Chapter 9. Setting limits for applications

As a system administrator, use the control groups kernel functionality to set limits, prioritize or isolate the hardware resources of processes so that applications on your system are stable and do not run out of memory.

9.1. What are control groups

Control groups is a Linux kernel feature that enables you to organize processes into hierarchically ordered groups - cgroups. The hierarchy (control groups tree) is defined by providing structure to cgroups virtual file system, mounted by default on the /sys/fs/cgroup/ directory. It is done manually by creating and removing sub-directories in /sys/fs/cgroup/. Alternatively, by using the systemd system and service manager.

The resource controllers (a kernel component) then modify the behavior of processes in cgroups by limiting, prioritizing or allocating system resources, (such as CPU time, memory, network bandwidth, or various combinations) of those processes.

The added value of cgroups is process aggregation which enables division of hardware resources among applications and users. Thereby an increase in overall efficiency, stability and security of users' environment can be achieved.

9.1.1. Control groups version 1

Control groups version 1 (cgroups-v1) provide a per-resource controller hierarchy. It means that each resource, such as CPU, memory, I/O, and so on, has its own control group hierarchy. It is possible to combine different control group hierarchies in a way that one controller can coordinate with another one in managing their respective resources. However, the two controllers may belong to different process hierarchies, which does not permit their proper coordination.

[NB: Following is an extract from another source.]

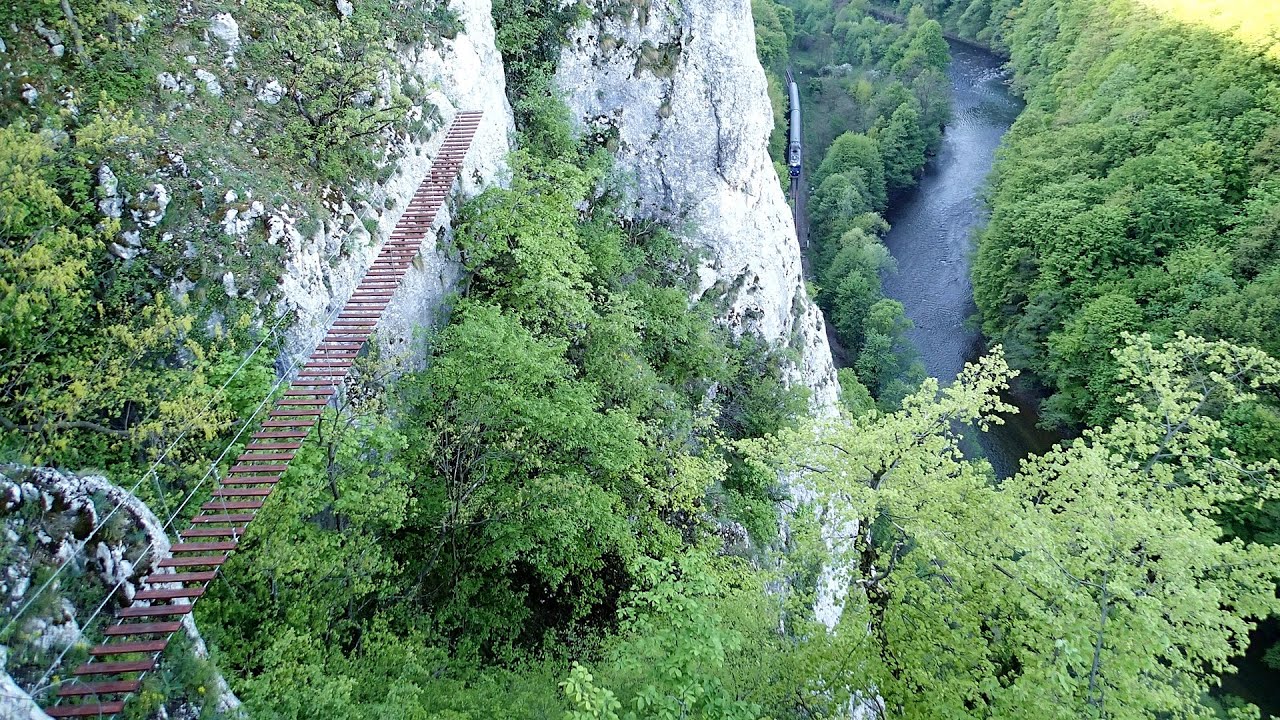 Via Ferrata Château des Fées (Castelul Zanelor, Casa Zmeului, La Maison du Dragon) - Vadu Crisului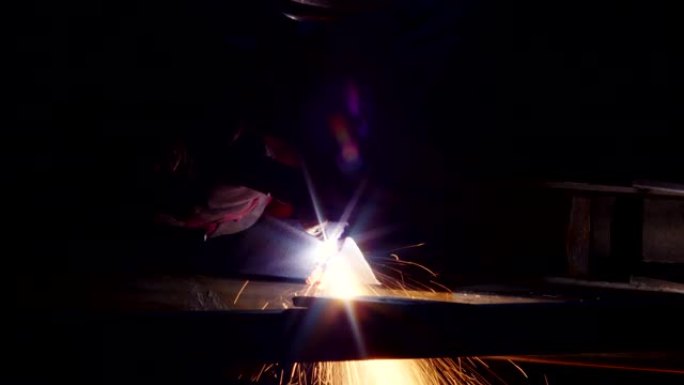 制造厂手套切割钣金的工人。用乙炔或氧气炬进行气体金属切割。工业中氧气与工件之间放热反应产生的明亮火花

The cgroups-v1 controllers were developed across a large time span and as a result, the behavior and naming of their control files is not uniform.

This sub-section was based on a Devconf.cz 2019 presentation.[1]

9.1.2. Control groups version 2

The problems with controller coordination, which stemmed from hierarchy flexibility, led to the development of control groups version 2.

Control groups version 2 (cgroups-v2) provides a single control group hierarchy against which all resource controllers are mounted.

The control file behavior and naming is consistent among different controllers.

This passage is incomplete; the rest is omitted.